Not only are river flows necessary to the recreation and tourism industries helping to drive Colorado’s economy, they said, but are critical to sustaining fish, wildlife and healthy river corridors.
In accordance with Colorado water law, Klancke said his district must prove beneficial use of water rights in order to protect those rights. The district’s water rights are secured for future growth, but at present, are not being fully utilized for the purposes of the district.
Therefore, because of the “use it or lose it” component in Colorado water law, the remaining water to which the district has rights is pulled out of the river to irrigate a field that no longer gets hayed, he said.
“It seems like a foolish use of water when leaving it in the stream has more beneficial use,” he said.
And as more and more water gets diverted from the Fraser River, low flows are driving the cost of waste water and water treatment upward, he said.
The concentration of pollutants is greater when flows are lower, resulting in higher expenses related to treatment operations, maintenance and construction, Klancke said.
The Colorado Environmental Association has teamed up with other instream flow advocates, such as Trout Unlimited, the Environmental Defense Council and the Colorado Water Conservation Board, to create the Healthy Rivers Campaign in support of three legislative solutions proposed at the Statehouse.
Groups such as the Rocky Mountain Farmers Union have also endorsed the bills, according to Water Caucus Coordinator Becky Long of the Colorado Environmental Coalition.
“Colorado water law is many things, but logical and simple aren’t on the list,” Long said.
The proposed bills are not in any way designed to reconstruct the existing water authority already worked out in statute, she said. Among the chief merits of current water law is that it has “an infrastructure built around it that people agree to,” she said.
But what the proposed laws are designed to do is “provide protection for water right owners who want to do the right thing and keep water in the river.”
Water right owners would do this by working with the state through the Colorado Water Conservation Board, an entity that since 1973 has been the only body allowed to acquire water rights for the sole purpose of letting water continue to flow downstream.

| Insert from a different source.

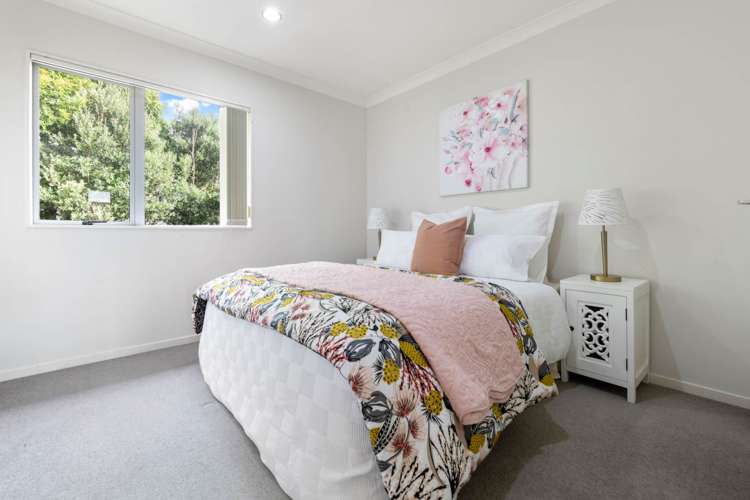 4 Liscooly Place Flat Bush_9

The conservation board acquires these rights in a number of ways, by grants, purchases, donations or leases.
HB 1280, dubbed the “Protect Lease Instream Flow Water Right Bill” among supporters, has been crafted to ensure protection of water rights if a rights owner chooses to donate or loan water to the Colorado Water Conservation Board.

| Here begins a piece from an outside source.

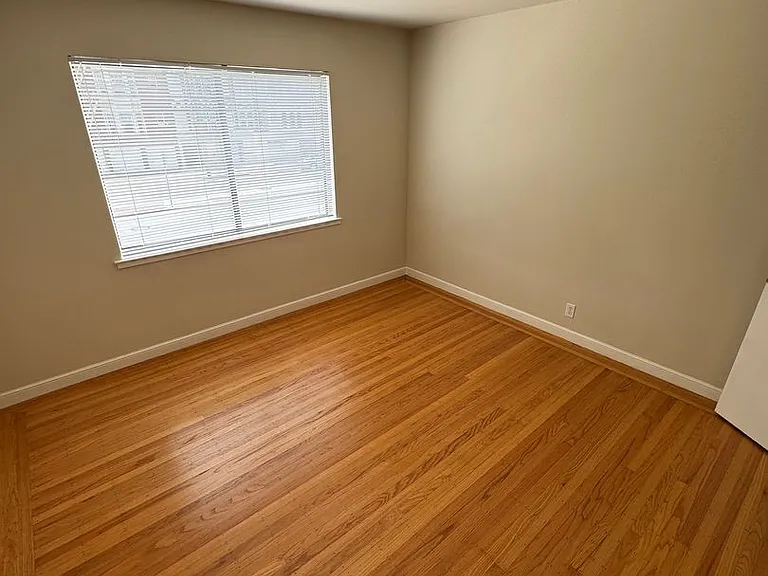 495 38th Ave — Photo 15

A Healthy Rivers Campaign fact sheet states that “by protecting the value of the owner’s water right for the future, this bill will allow individuals and cities to donate or lease water to the state without fears of future penalties.”
The Colorado Legislature passed a similar bill, HB 1012, last year which allowed for a temporary loan or donation of water without penalty to the conservation board during drought times when the health of a river is in jeopardy.
“This year’s legislation, in my opinion, is a natural progression of that,” Long said.
Two pieces of companion legislation are set to follow HB 1012. One, sponsored by Rep. Kathleen Curry and Sen. Jim Isgar, would create a $1 million fund to assist the instream acquisition program. The other, sponsored by Rep. Jack Pommer and Sen. Dan Gibbs, is meant to create tax incentives for water-rights owners who choose to leave their water in local streams and rivers. The latter was written to offset costs that come along with each step of the process, such as the need to hire a professional hydrologist, for example, to provide documentation of rights.
“This bill allows (water right owners) to take tax incentives up to 50 percent of the current use value of a water right capped at $100,000 per water right owner,” Long said.
The tax incentive program would have a limit of $2 million per year starting out, she said, but it is hoped the program would have a chance to grow as participation grows.